Most industrialized countries have already ratified the Kyoto Protocol, and only Russia's ratification (expected within a few months) is now needed for the protocol to have legal force. Only the U.S. has refused outright to ratify. Canadians generally believe strongly in participating in multilateral, cooperative efforts to solve major global problems, which explains why polls show large majorities in favour ratifying the Kyoto Protocol. Canada has the second highest per-capita level of GHG emissions in the world - over twice as high as Western Europe or Japan. If Canada does not ratify the protocol, the international community will see it - as the U.S. is already seen - as selfishly resisting a reasonable solution to a problem to which it is a leading contributor.

So why are some influential voices in Canada opposing Kyoto? Most stress the potential effect of the protocol on the economy. But the most credible and detailed economic modelling by federal and provincial governments, taking account of U.S. non-participation, shows that the most likely macroeconomic effect would be to change Canada's projected GDP growth between 2000 and 2012 from 31 per cent growth to somewhere between 30 per cent and 31.5 per cent. For sure, economic modelling is an uncertain art, but no studies suggest anything worse than a slight slowing of strong underlying economic growth.

The real economic issue is not the overall impact, but how any impact will be shared out. Alberta, with the highest per-capita emissions in Canada, and the oil industry, often viewed as the main culprit, understandably feel vulnerable in this regard.

It is therefore important to recall federal and provincial governments' repeated joint affirmations that no region or sector should bear an unreasonable burden as a result of the Kyoto Protocol. Governments have powerful policy tools at their disposal to ensure that that is the case - notably, flexibility in the way emissions permits are allocated under the domestic emissions trading system that is expected to be at the centre of Canada's Kyoto implementation plan.

The Pembina Institute believes in fair sharing of responsibility to reduce emissions between regions and economic sectors. But Canada's Kyoto implementation plan must also initiate a shift in the economy away from the most GHG-intensive resources, like oilsands and coal, towards less GHG-intensive ones like natural gas, renewable energy, and the enormous "resource" that is energy efficiency. This is a shift that Alberta can lead and benefit from if it so chooses.

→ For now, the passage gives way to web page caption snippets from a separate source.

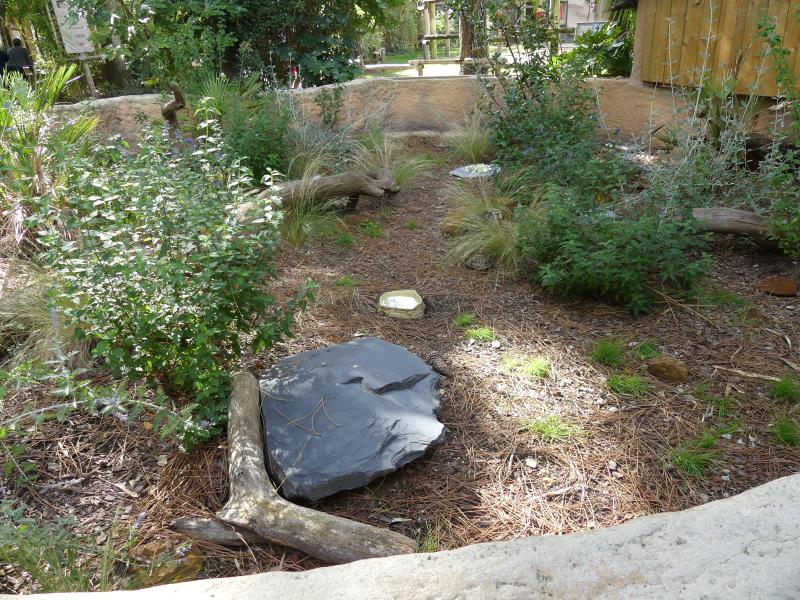 Tortue grecque - 2021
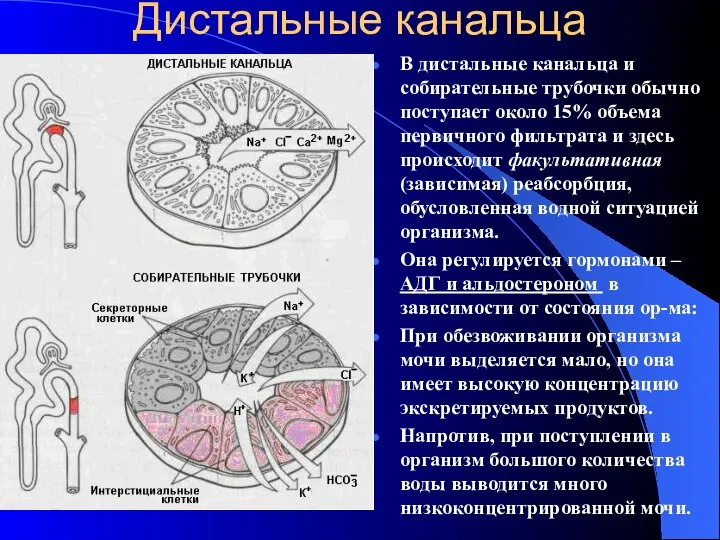 Дистальные канальца В дистальные канальца и собирательные трубочки обычно поступает около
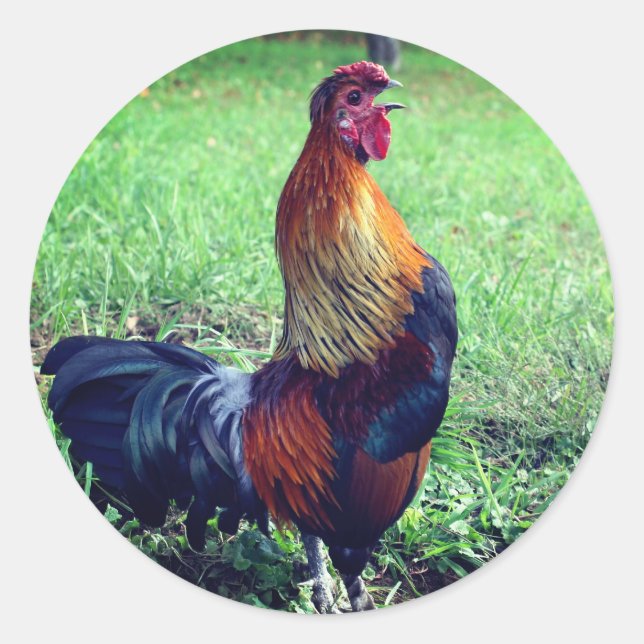 Rooster Crowing Animal Classic Round Sticker (Front)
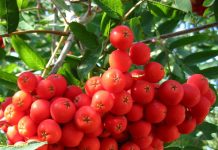 Scoruș de munte (Sorbus aucuparia) – beneficii și proprietăți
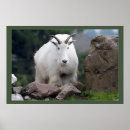 Zoek naar geit fotografie Natuur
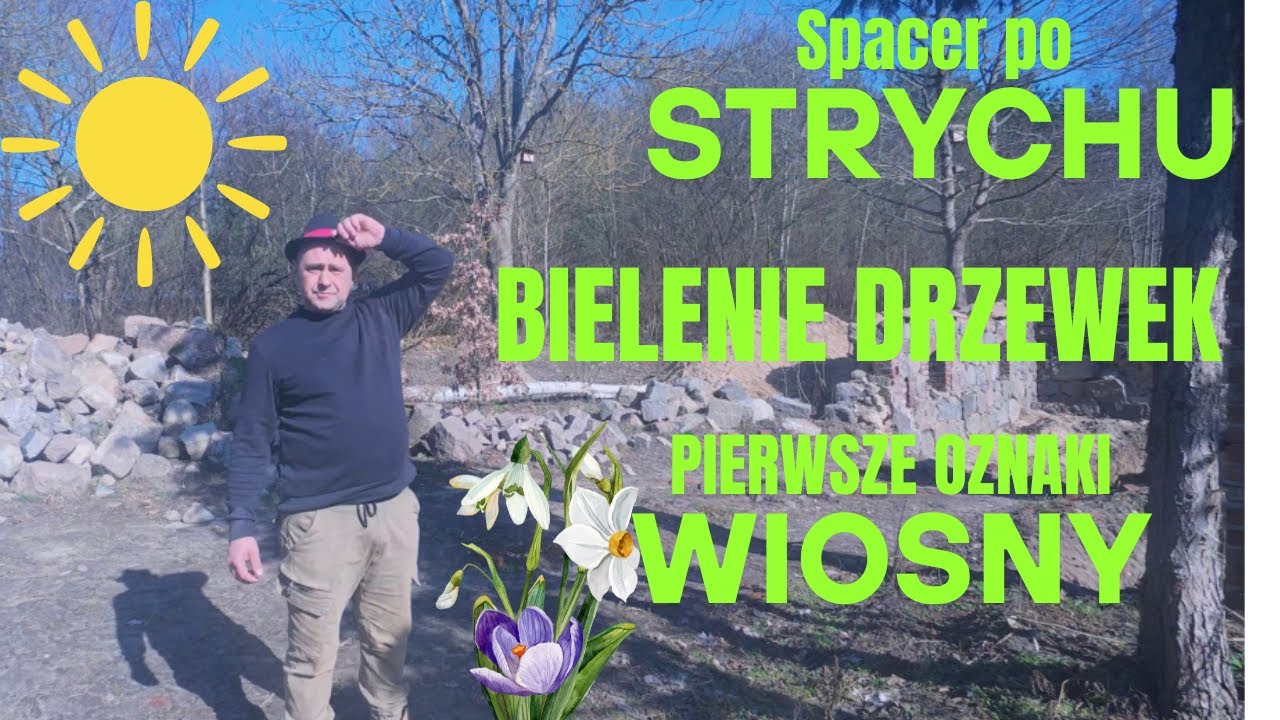 Spacer po strychu, bielenie drzewek - mamy wiosnę! 😎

Opponents of Kyoto often focus on risks to our competitiveness if Canada ratifies while the U.S. does not. But several studies indicate that the U.S. withdrawal has actually lowered the protocol's cost in Canada by reducing the expected price of international emissions credits. This is a result of the protocol's flexibility in allowing countries to meet their emissions targets partly by purchasing such credits. The Pembina Institute wants Canada to maximize the amount of domestic emissions reductions, and reap the associated benefits (mentioned later in this article), but the safety valve of international emissions trading refutes Kyoto opponents' claim that our target is a strait-jacket.

Emissions trades occurring today are confirming the low price of credits. It is also important to understand that governments in the U.S. have taken far more significant action to date to reduce GHG emissions than governments in Canada - as detailed in a recent Pembina Institute report. By implementing Kyoto, Canada will initially be catching up with the U.S., not getting ahead.

Perhaps what most undermines Kyoto opponents' forecasts of economic damage is the fact that major Canadian GHG emitters such as Suncor and TransAlta have voluntarily taken on Kyoto-level targets for their net corporate emissions. They would hardly have done so if they believed the protocol would seriously harm their economic prospects. BP's CEO recently described how his company had met its global 10 per cent GHG reduction target seven years ahead of schedule and "at no net economic cost."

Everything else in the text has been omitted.